§ **Data shown**:

★ ★ ★

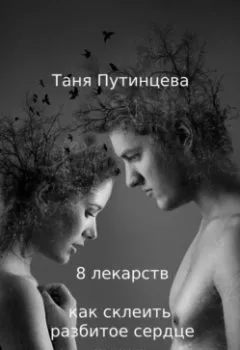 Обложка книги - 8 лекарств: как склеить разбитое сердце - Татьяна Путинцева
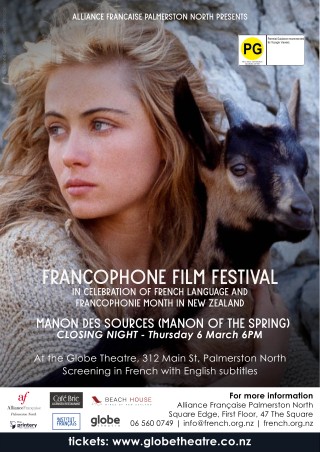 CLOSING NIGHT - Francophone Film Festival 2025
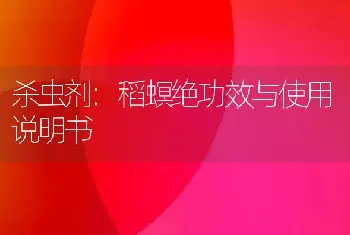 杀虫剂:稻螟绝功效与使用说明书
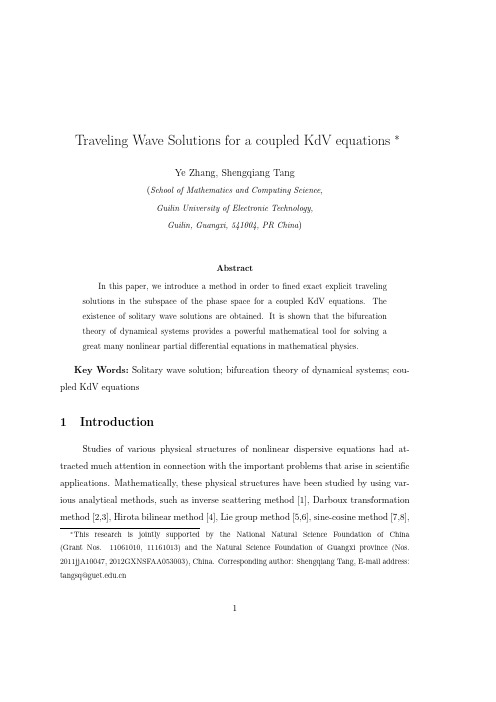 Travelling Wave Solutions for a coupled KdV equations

★ ★ ★

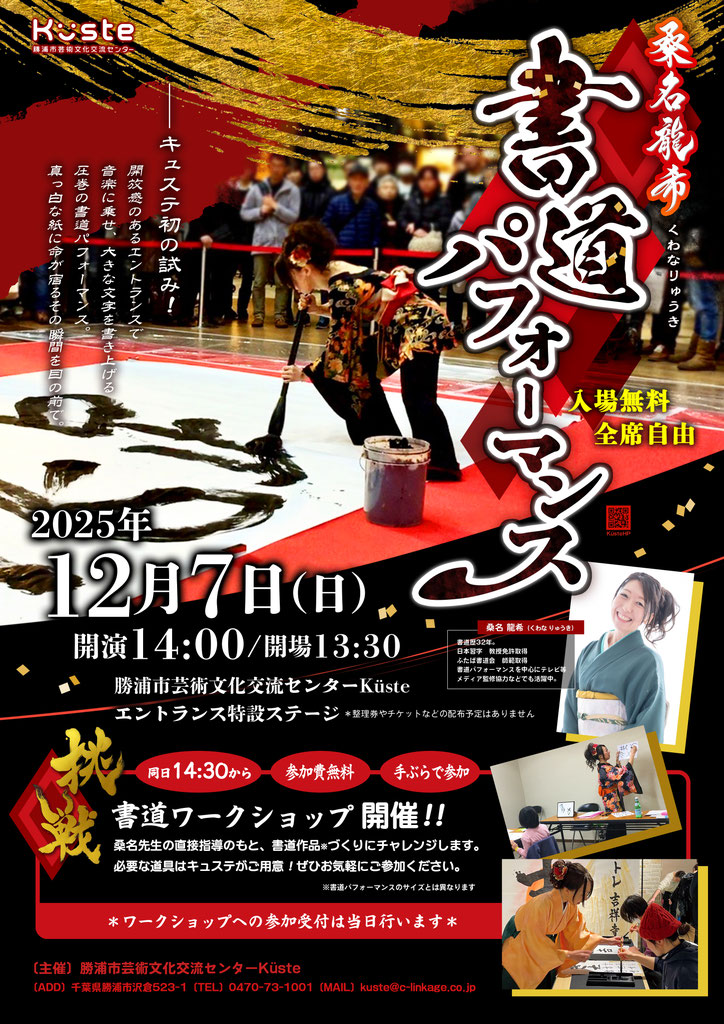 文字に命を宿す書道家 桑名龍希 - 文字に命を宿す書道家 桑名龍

★ ★ ★

§ **Exercise requirements**:
Pictures excluded, give again exactly and only the lines of the material above from the line with "CLOSING NIGHT - Francophone" through the line with "Travelling Wave Solutions".

§ **Answer for this exercise**:
 CLOSING NIGHT - Francophone Film Festival 2025
 杀虫剂:稻螟绝功效与使用说明书
 Travelling Wave Solutions for a coupled KdV equations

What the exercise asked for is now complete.